Intrinsic dimension estimation result using TwoNN.

You should see an estimate close to 2.

As often observed, the points deviate more in the large-\(\mu\) region. This is why discarding the top 10% (or similar) before fitting is commonly used.

When the Data Contains Noise

If the data has even a small amount of noise off the manifold, then strictly speaking it is no longer exactly low-dimensional.

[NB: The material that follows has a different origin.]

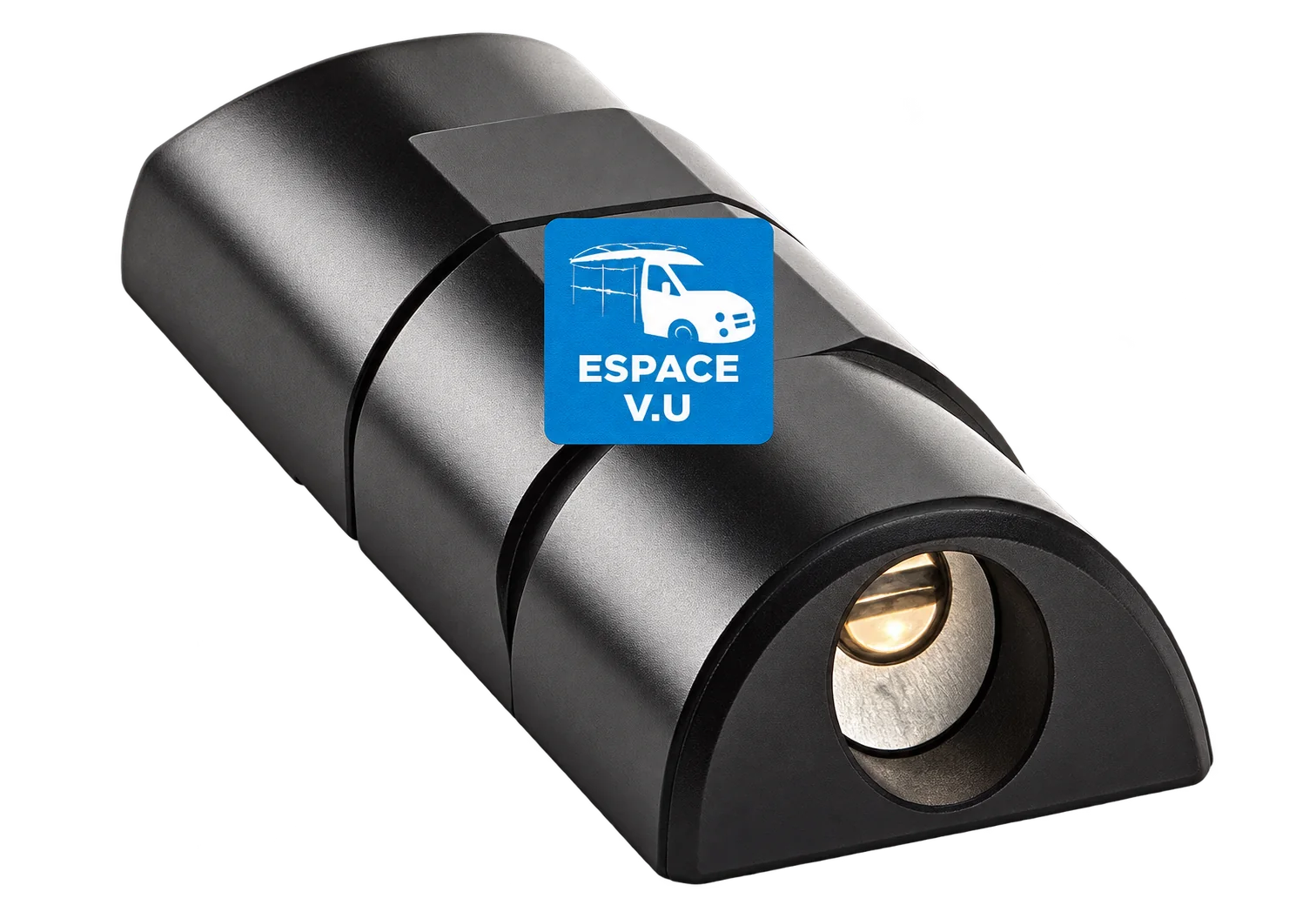 Une serrure noire de forme demi-cylindrique avec une clé dans le barillet, portant le logo bleu Espace V.U.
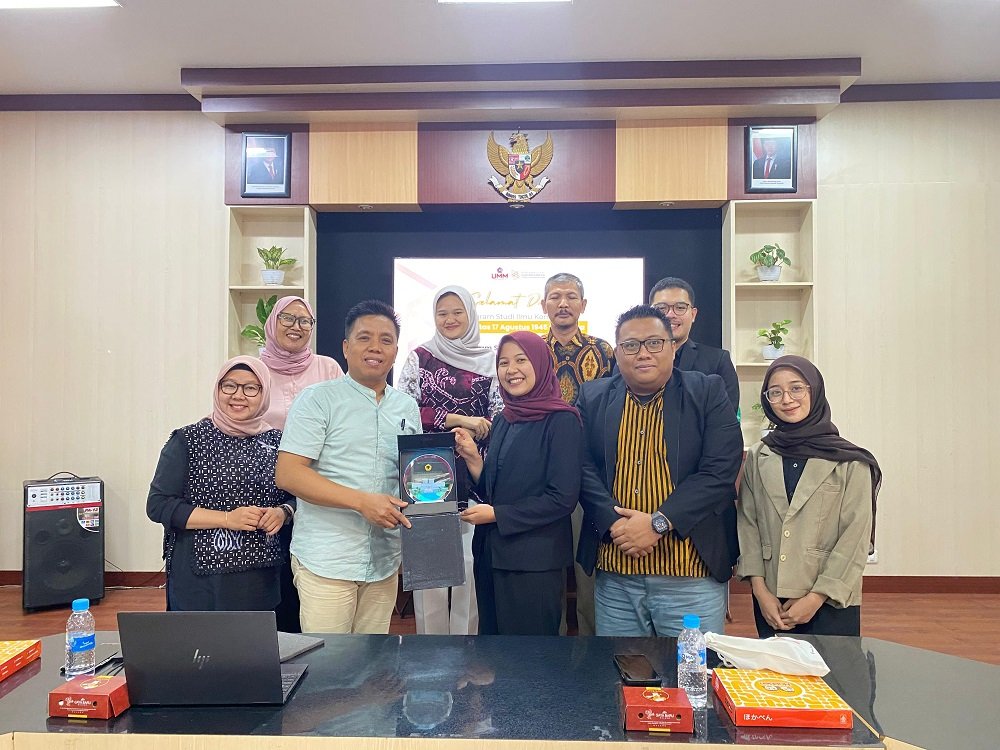 Untag Puji Praktikum di Prodi Komunikasi UMM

For example, a “thin” manifold with small thickness \(\sigma\) is still a full-dimensional distribution in the ambient space.

A manifold with a small thickness (\(\sigma = 0.001\)).

If you apply TwoNN to such data, then in the limit of infinite samples the nearest-neighbor distances shrink below the noise thickness, and the estimated dimension will eventually approach the ambient dimension (for a thin board in \(\mathbb{R}^3\), this would approach 3).

However, in practice we often still want to say “the intrinsic dimension is 2” because the meaningful structure is essentially two-dimensional at the scales we care about.

Subsampling as a Scale-Control Trick

A practical workaround is to run TwoNN on random subsamples of different sizes:

With fewer points, neighbors are farther away (larger \(r_1, r_2\)), so the estimator “sees” the manifold at a coarser scale and is less sensitive to tiny thickness noise.
With too few points, the estimate becomes unstable and may underestimate the dimension.
With too many points, neighbors become extremely close and the estimator starts detecting the noise dimension.

So we compute the TwoNN estimate for many subsample sizes \(n\) and look for a plateau region where the estimate stays roughly constant. That plateau value is a good candidate for the “effective” intrinsic dimension at meaningful scales.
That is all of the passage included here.